Directory Structure Recap
/root/scratchpad/
├── hedgedoc/ # Docker compose for Hedgedoc & OAuth
│ └── docker-compose.yml
├── project-blog/
│ ├── _posts/ # Auto-updated by publisher
│ ├── assets/auth-page/ # Branding + OAuth templates
│ └── tools/publisher/ # Sync microservice
└── nginx configs / SSL / etc…
The Result
The entire workflow is now seamless:
- Writer logs in via GitHub
- Opens Hedgedoc
- Writes
-
Runs:
publish <note-id>
And the blog updates instantly—no friction, no YAML, no Git.
Uploading Images
(Edit - Jan 13th 2025) In order to upload images, we need to enable in the docker-compose.yml file using the following ENVIRONMENT vars (I’m lazy just ran them straight in line). We also need to add a config.json specifically to specify the uploads path. And we do this by touching a file in the root hedgedoc dir, mounting the file as volume.
The settings say that only registered users may upload, the files will store on the filesystem (why we need the path), point to our config file with our added volume, and give all uploads readable permissions for jekyll and nginx to read the file.
docker-compose.yaml:
services:
...
hedgedoc:
image: quay.io/hedgedoc/hedgedoc:latest
environment:
# ...
CMD_ENABLE_UPLOADS: registered
CMD_IMAGE_UPLOAD_TYPE: filesystem
CMD_CONFIG_FILE: /hedgedoc/config.json
UPLOADS_MODE: "0755" # file perms so jekyll/nginx can read upload files.
volumes:
- /root/scratchpad/project-blog/_posts:/hedgedoc/_posts
- /root/scratchpad/project-blog/assets/uploads/public:/hedgedoc/_uploads
- ./config.json:/hedgedoc/config.json:ro
What does 0755 mean?
-
In one sentence, it means the owner can do everything; everyone else can read and access, but not modify.
-
The following is a more comprehensive breakdown:
0755 means:
0 = no special permissions
Owner (7 = rwx)
- can read
- can write
- can access / run
Group (5 = r-x)
- can read
- cannot write
- can access / run
Others (5 = r-x)
- can read
- cannot write
- can access / run
I will attempt to upload an image below. If it works, yay.

Edit (02/03/2026) - Uploading images bug
At some point, I was trying to upload images to Hedgedoc by drag and drop, and they wouldn’t upload. Hm. Annoying. First I inspected the webpage console, and immediately saw an error:
inline-attachment.js:274
POST https://md.scratchpad.lol/uploadimage 413 (Content Too Large)
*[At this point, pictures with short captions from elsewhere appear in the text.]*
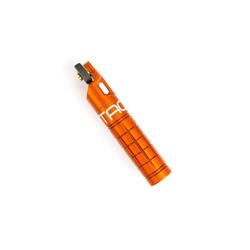 Exotac nanoSPARK Orange (Orange)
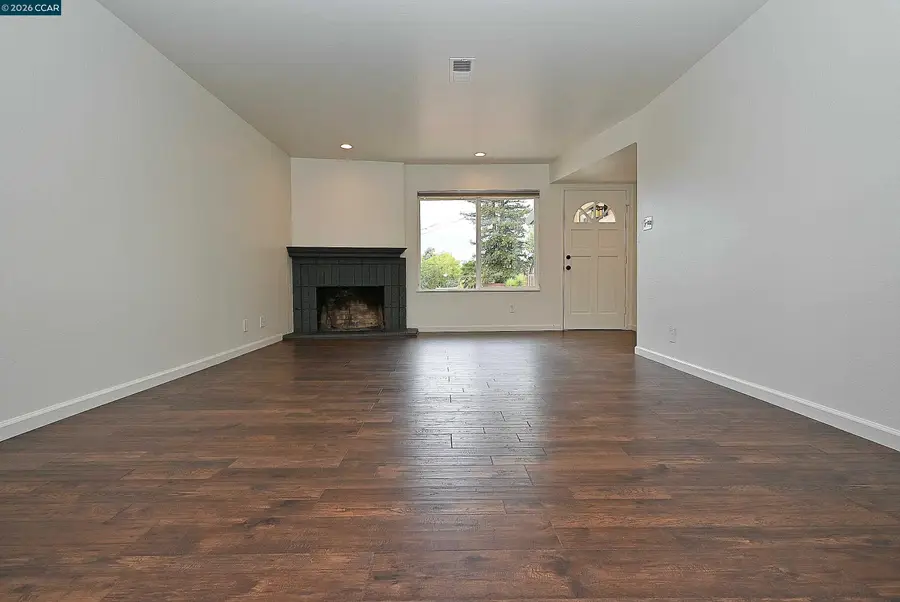 21 Eric Ct, Pleasant Hill, CA 94523 - #3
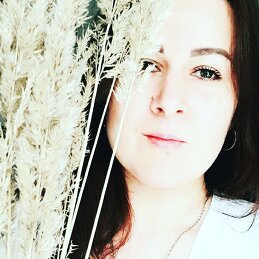 Анна Варламова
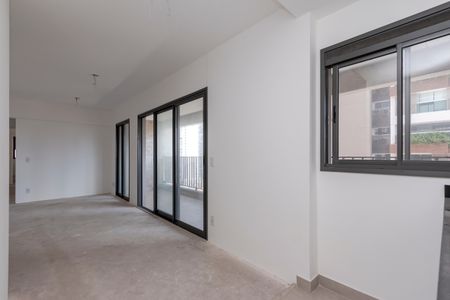 Apartamento à venda com 71m², 2 quartos e 1 vagaSala/ Cozinha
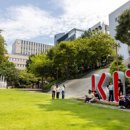 만화경로당 이미지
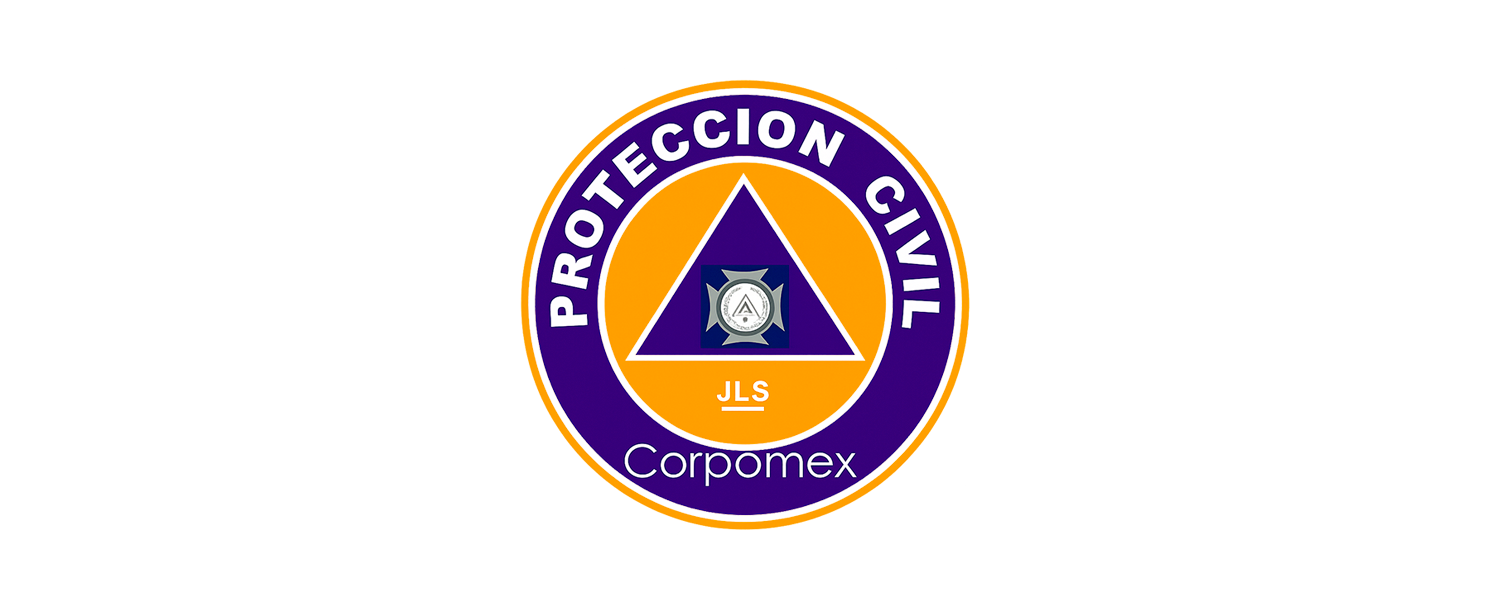 Imagen centrada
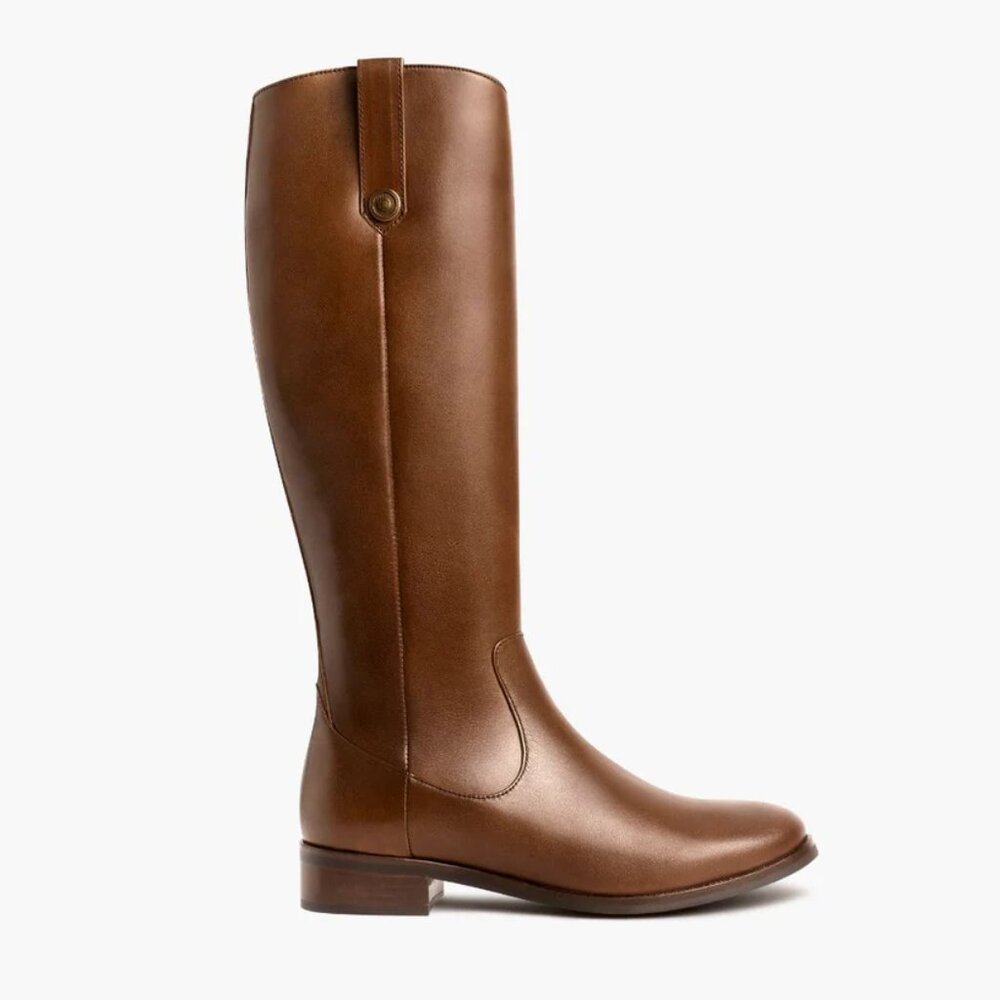 Thursday Boots - Crown - Cuero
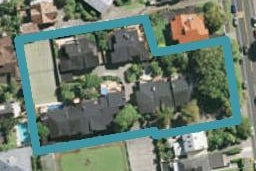 5/22 Curran Street, Herne Bay, Auckland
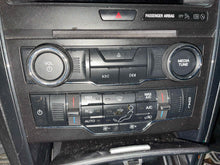 Load image into Gallery viewer, Radio Ford Explorer 2017 - NW551892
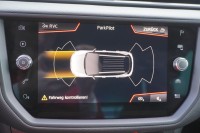 Seat Arona 1.0 TSI Xcellence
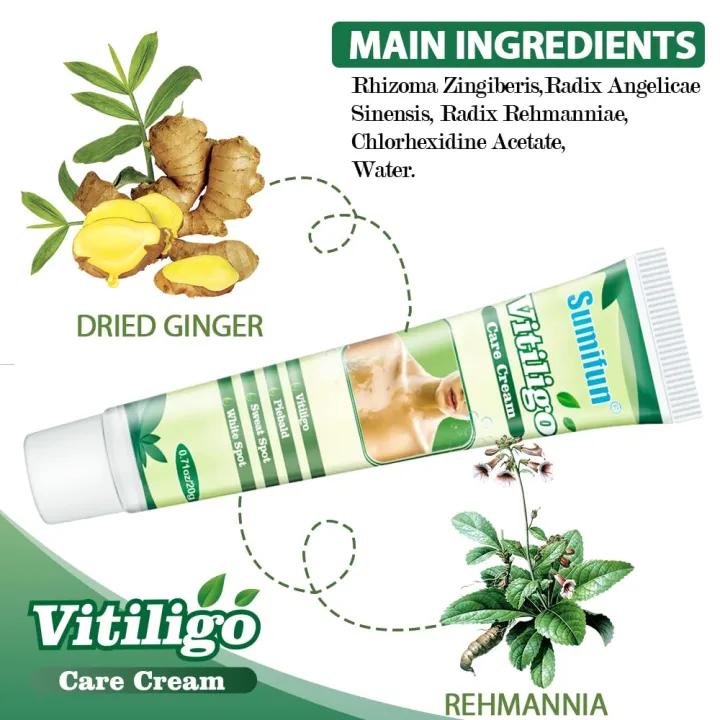 Sumifun%20Vitiligo%20Cream%20Reduces%20White%20Spots%20and%20Improves%20Skin%20Pigmentation%2020gm%20-%20Image%205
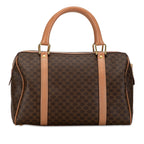 Celine Macadam Boston (SHG-Zq8fdY)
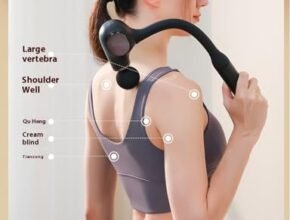 Best Massage Gun Under 150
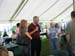 Dept picnic fall07 011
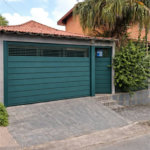 Casa à venda com 3 suítes em Jardim Leonor, São Paulo, SP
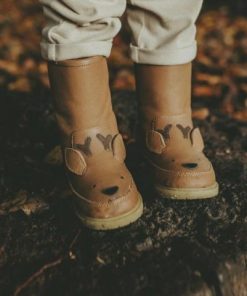 Myinve.shopf8f87f121a 5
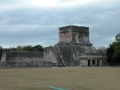 7-DSCN0867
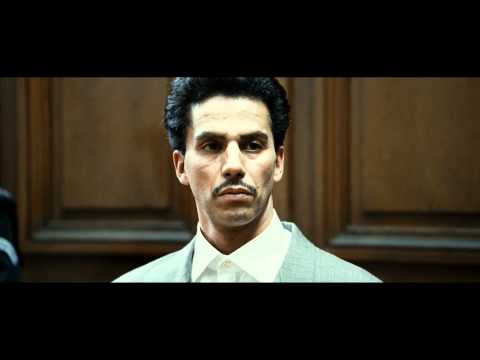 Image de prévisualisation YouTube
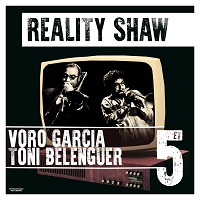 cd_vorogarcía_tonibelenguer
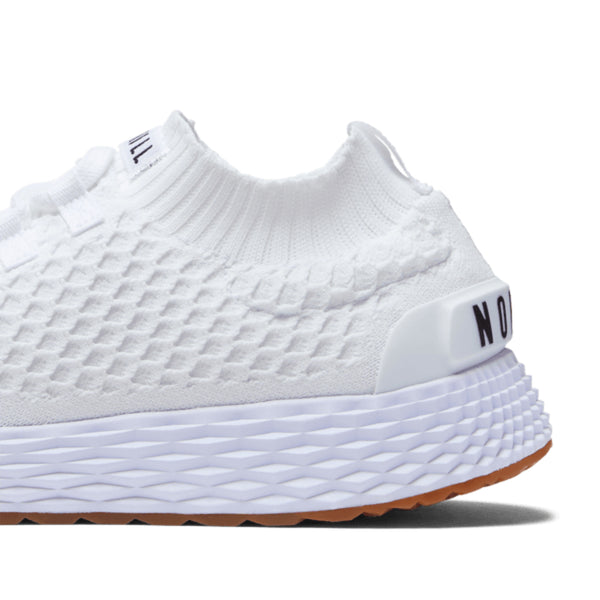 NOBULL Men's AllDay Knit Shoe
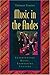 Music in the Andes: Experiencing Music, Expressing Culture (Global Music Series)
m.uploadFile @ inline-attachment.js:274
m.onDrop @ inline-attachment.js:400
(anonymous) @ codemirror.inline-attachment.js:83
Which basically means my file too big. The file was 1MB so if that is too bag, we are cooked. Hedgedoc actually supports for sure 100MB out the box, so something is up.
That really leaves one place for this issue to exist. Our reverse proxy is the bottleneck for file uploads, limiting the max body. We can solve this issue by increasing the max body to 25mb in the nginx sites-available file:
/etc/nginx/sites-available/scratchpad
server {
listen 443 ssl http2;
server_name md.scratchpad.lol;
# need to increase nginx max upload file size to upload to hedgedoc.